Sponsored by the `Ontario Council of University Libraries (OCUL) <https://ocul.on.ca/>`_, this technical integration enables users of Archivematica to select datasets from connected Dataverse installations and process them for long-term access and digital preservation. For more information and list of known issues, please refer to Artefactual's `release notes <https://wiki.archivematica.org/Archivematica_1.8_and_Storage_Service_0.13_release_notes>`_, `integration documentation <https://www.archivematica.org/en/docs/archivematica-1.8/user-manual/transfer/dataverse/>`_, and the `project wiki <https://wiki.archivematica.org/Dataverse>`_.

.. _rda-bagit-archiving:

RDA BagIt (BagPack) Archiving
+++++++++++++++++++++++++++++

A Dataverse installation can be configured to submit a copy of published Dataset versions, packaged as `Research Data Alliance conformant <https://www.rd-alliance.org/system/files/Research%20Data%20Repository%20Interoperability%20WG%20-%20Final%20Recommendations_reviewed_0.pdf>`_ zipped `BagIt <https://tools.ietf.org/html/draft-kunze-bagit-17>`_ bags to `Chronopolis <https://libraries.ucsd.edu/chronopolis/>`_ via `DuraCloud <https://duraspace.org/duracloud/>`_, a local file system, any S3 store, or to `Google Cloud Storage <https://cloud.google.com/storage>`_.
Submission can be automated to occur upon publication, or can be done periodically (via external scripting).
The archival status of each Dataset version can be seen in the Dataset page version table and queried via API.

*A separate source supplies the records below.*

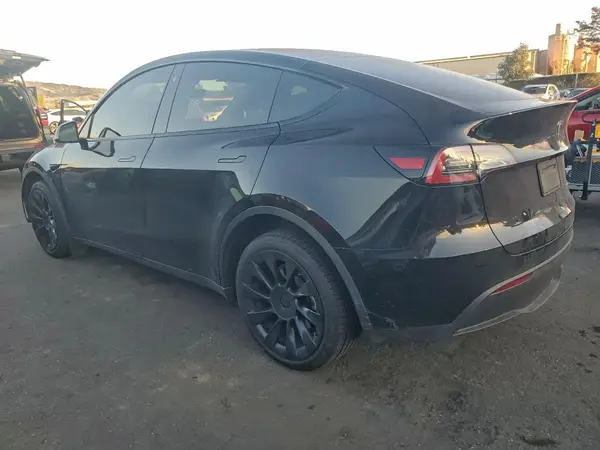 7SAYGDEEXPA078694 2023 TESLA MODEL Y - Image 2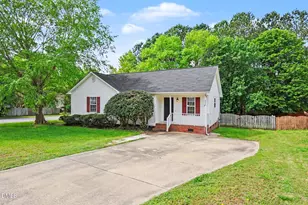 956 S Philwood Ct, Fuquay-Varina, NC 27526 - Photo 2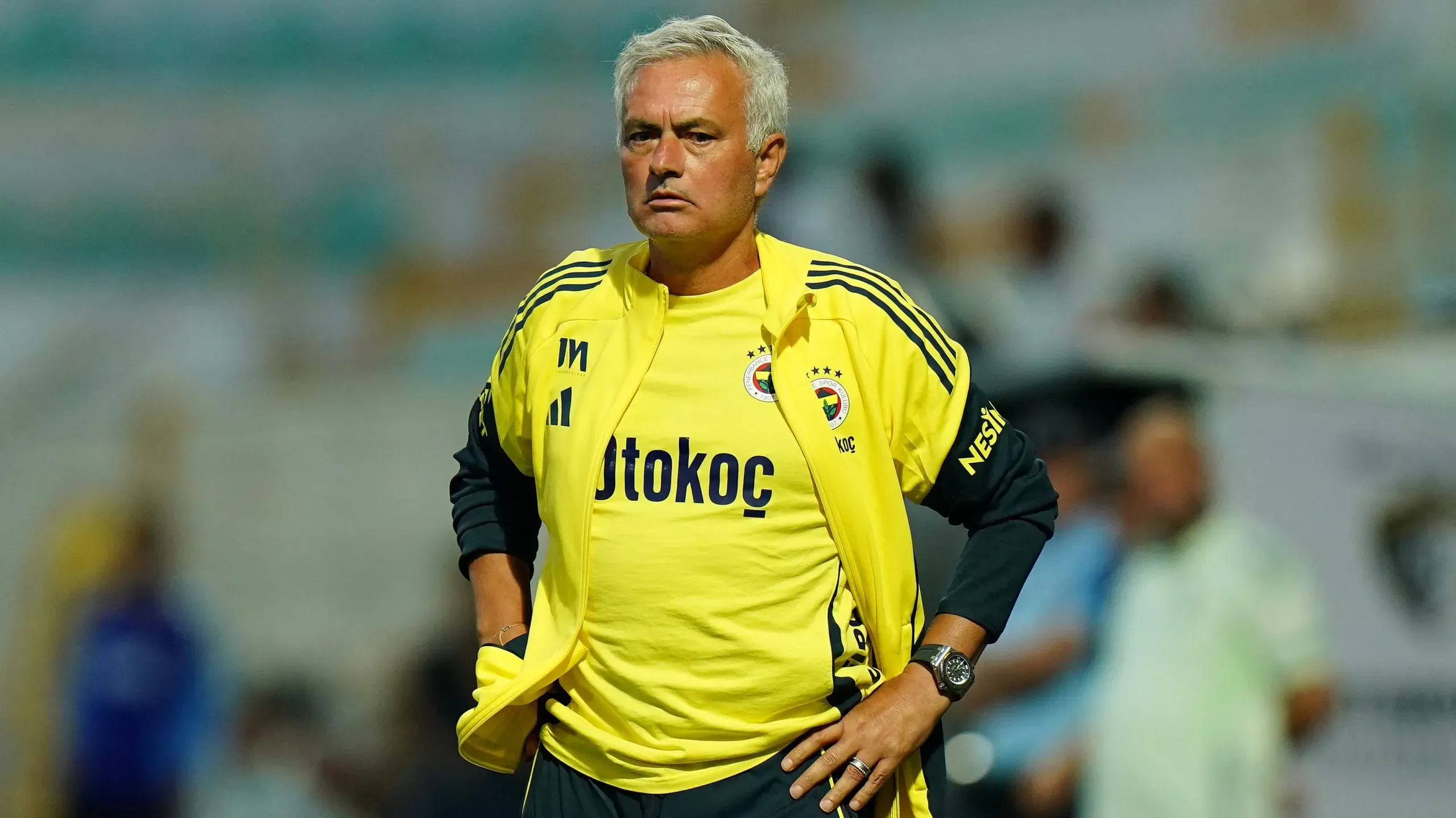 José Mourinho pode não estar a orientar um colosso europeu, mas continua a saber dar uma conferência de imprensa como poucos treinadores conseguem, sem lugares comuns nem ‘clichés’.Foto: Gualter Fatia/Getty Images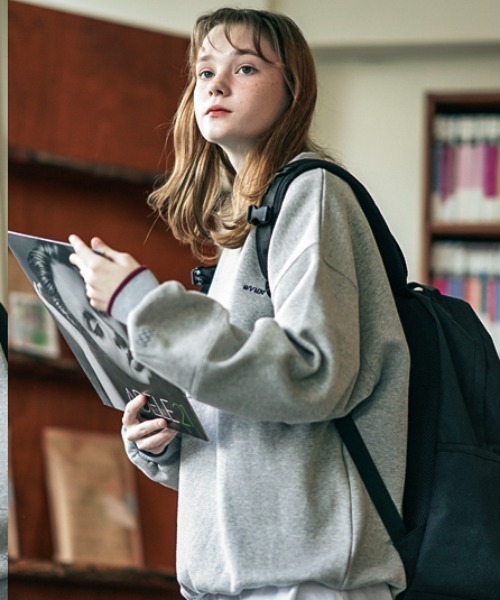 WV PROJECT（ダブリューブイプロジェクト）の「WV PROJECT(ダブリューブイプロジェクト)/JEJE SWEATSHIRT/オーバーサイズ 襟付き スウェット【セットアップ対応商品】（スウェット・レディース・ブラック/グレー/オートミール/ネイビー・M/L/S）」の9枚目の写真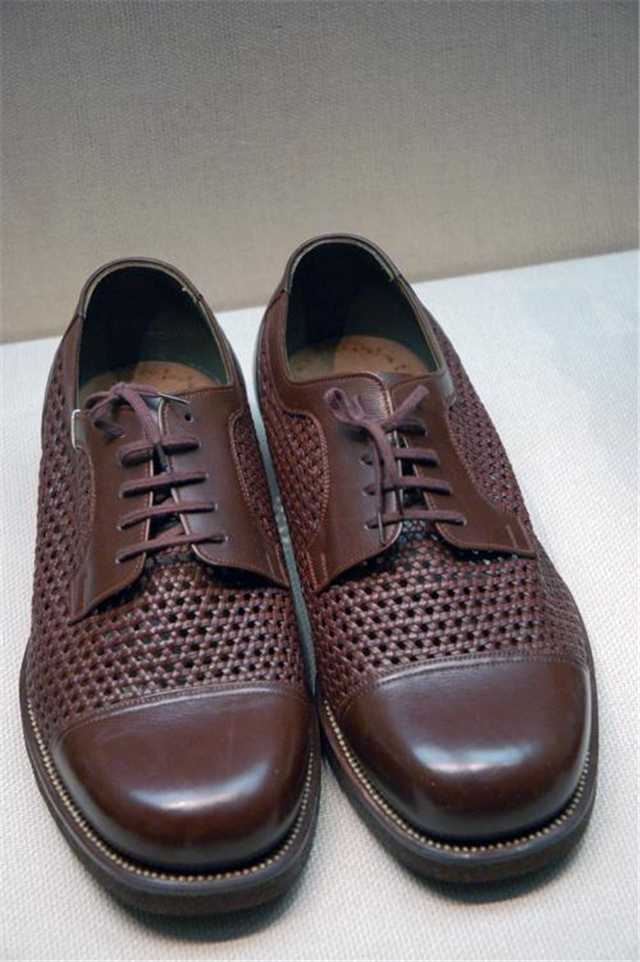 毛主席的旧鞋，鞋匠都不愿意再补：“这鞋都这么破了还补什么？”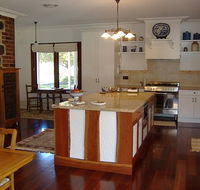 Poplar Cottage Bed And Breakfast - Accommodation in Brisbane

The archival Bags include all of the files and metadata in a given dataset version and are sufficient to recreate the dataset, e.g. in a new Dataverse instance, or potentially in another RDA-conformant repository.
Specifically, the archival Bags include an OAI-ORE Map serialized as JSON-LD that describe the dataset and it's files, as well as information about the version of Dataverse used to export the archival Bag.

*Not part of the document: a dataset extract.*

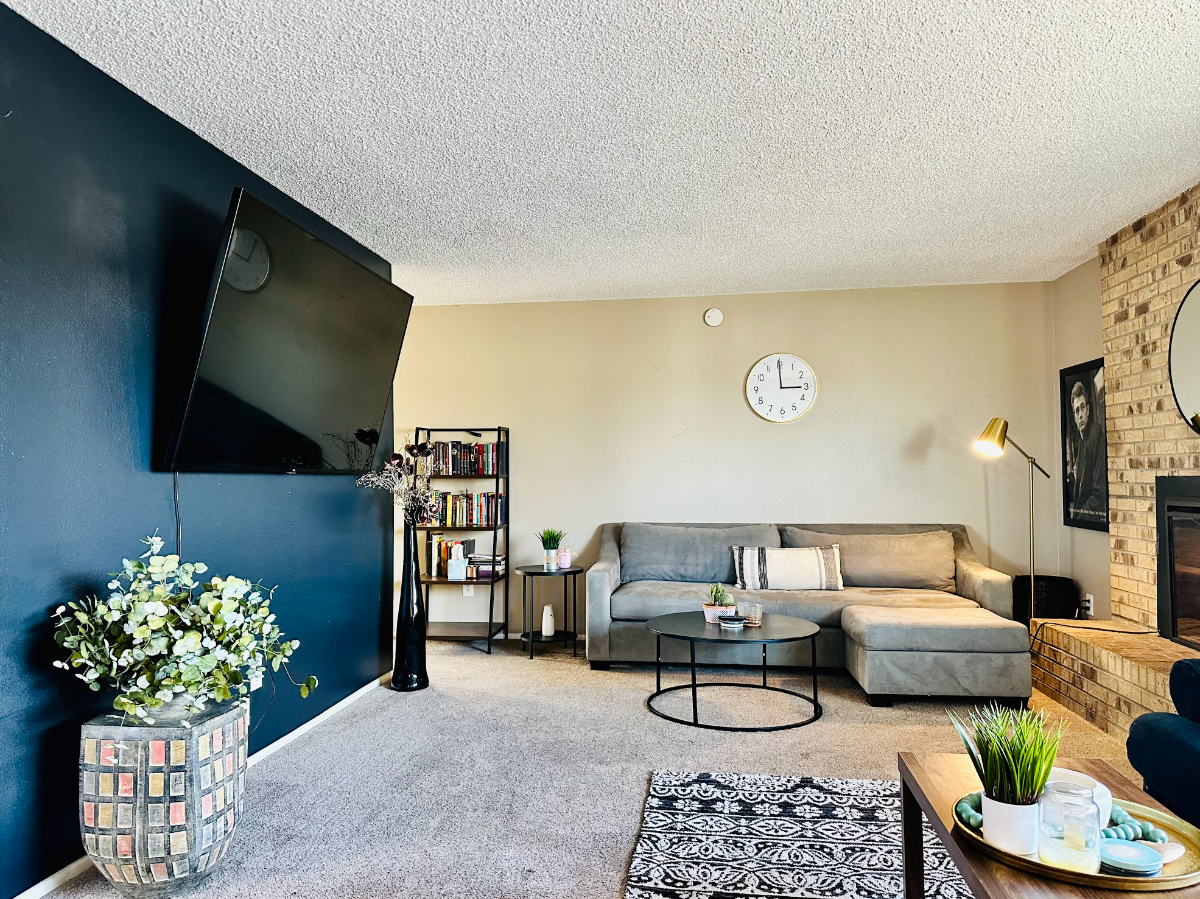 Spacious and convenient apartment close to Banner Health - Photo 1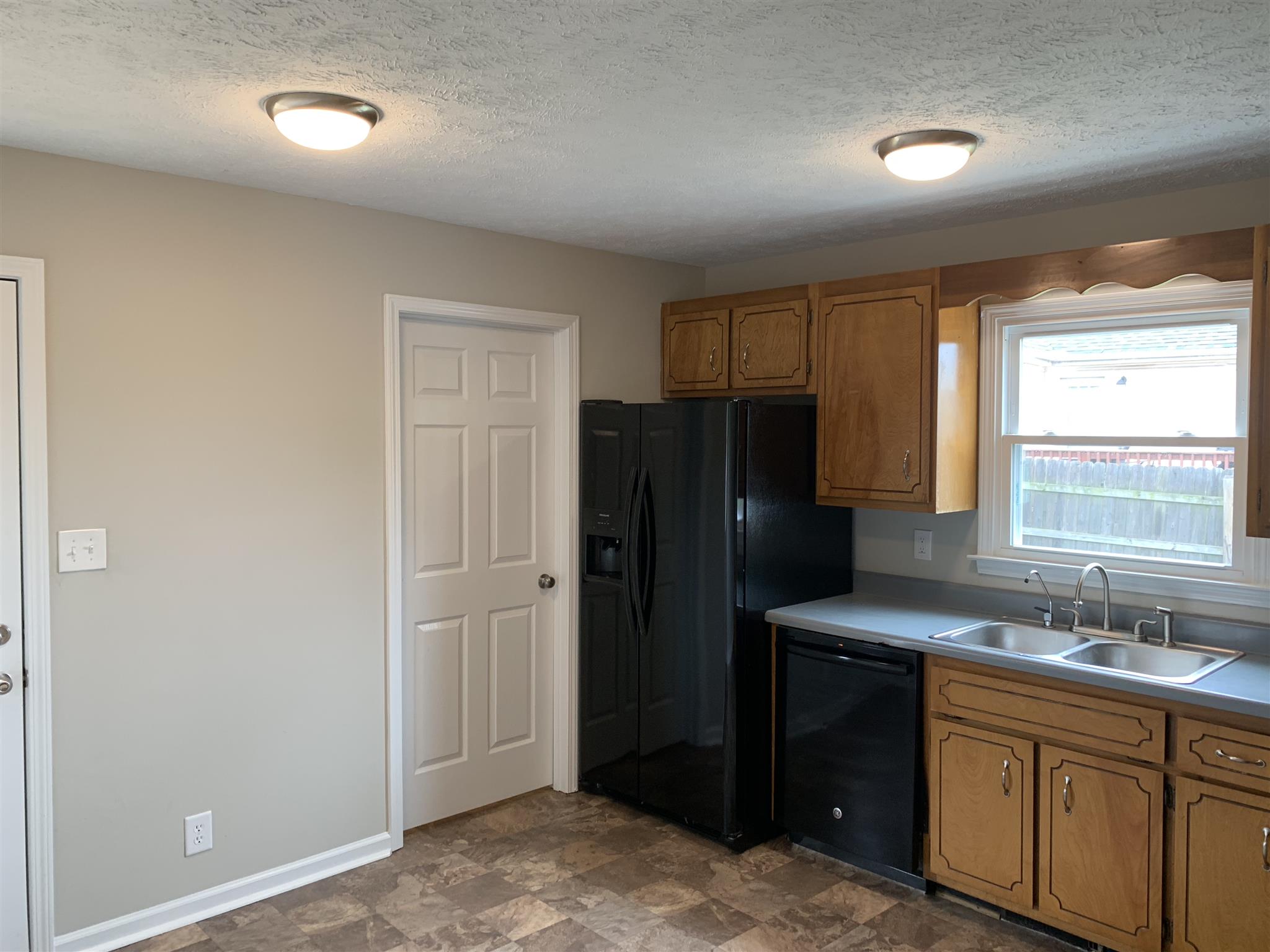 426 Jordan Road Clarksville, TN 37042 - Photo 4 of 22 Gallery Image 4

The `DVUploader <https://github.com/GlobalDataverseCommunityConsortium/dataverse-uploader>`_ includes functionality to recreate a Dataset from an archival Bag produced by Dataverse (using the Dataverse API to do so).

For details on how to configure this integration, see :ref:`BagIt Export` in the :doc:`/installation/config` section of the Installation Guide.

Future Integrations
-------------------

The `Dataverse Project Roadmap <https://www.iq.harvard.edu/roadmap-dataverse-project>`_ is a good place to see integrations that the core Dataverse Project team is working on.

If you have an idea for an integration, please ask on the `dataverse-community <https://groups.google.com/forum/#!forum/dataverse-community>`_ mailing list if someone is already working on it.

Many integrations take the form of "external tools". See the :doc:`external-tools` section for details. External tool makers should check out the :doc:`/api/external-tools` section of the API Guide.

Please help us keep this page up to date making a pull request! To get started, see the :doc:`/contributor/documentation` section of the Contributor Guide.